• Collected material:
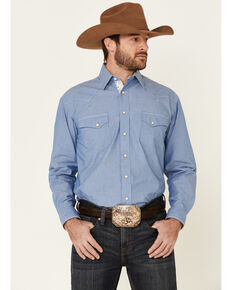 Rough Stock By Panhandle Men's Blue Chambray Fancy Snap Long Sleeve Western Shirt , Blue, hi-res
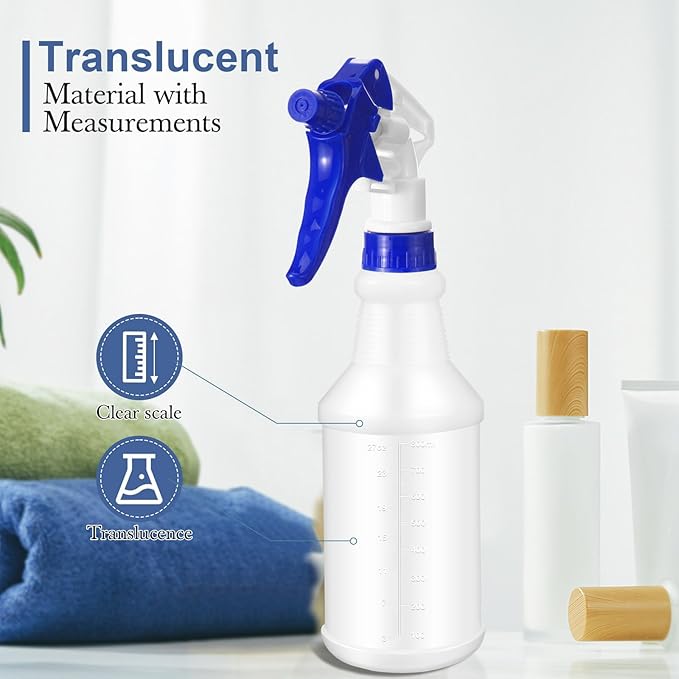 Zubebe 24 Pack 32 oz Plastic Spray Bottle Bulk Empty Leakproof Heavy Duty Spray Bottles for Cleaning Supplies Mist Bottles with Label and Adjustable Nozzle for Plant(Red, Blue,Clear Scale)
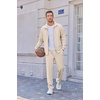 image:imageCOOFANDY Mens Casual Sweatsuit 2 Piece Athletic Full Zip Tracksuit Jacquard Jogging Set Fashion Jackets And Pants OutfitCream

• Action item: Print the material in full and exactly; the pictures must not be printed.

• Solved problem:
 Rough Stock By Panhandle Men's Blue Chambray Fancy Snap Long Sleeve Western Shirt , Blue, hi-res
 Zubebe 24 Pack 32 oz Plastic Spray Bottle Bulk Empty Leakproof Heavy Duty Spray Bottles for Cleaning Supplies Mist Bottles with Label and Adjustable Nozzle for Plant(Red, Blue,Clear Scale)
 image:imageCOOFANDY Mens Casual Sweatsuit 2 Piece Athletic Full Zip Tracksuit Jacquard Jogging Set Fashion Jackets And Pants OutfitCream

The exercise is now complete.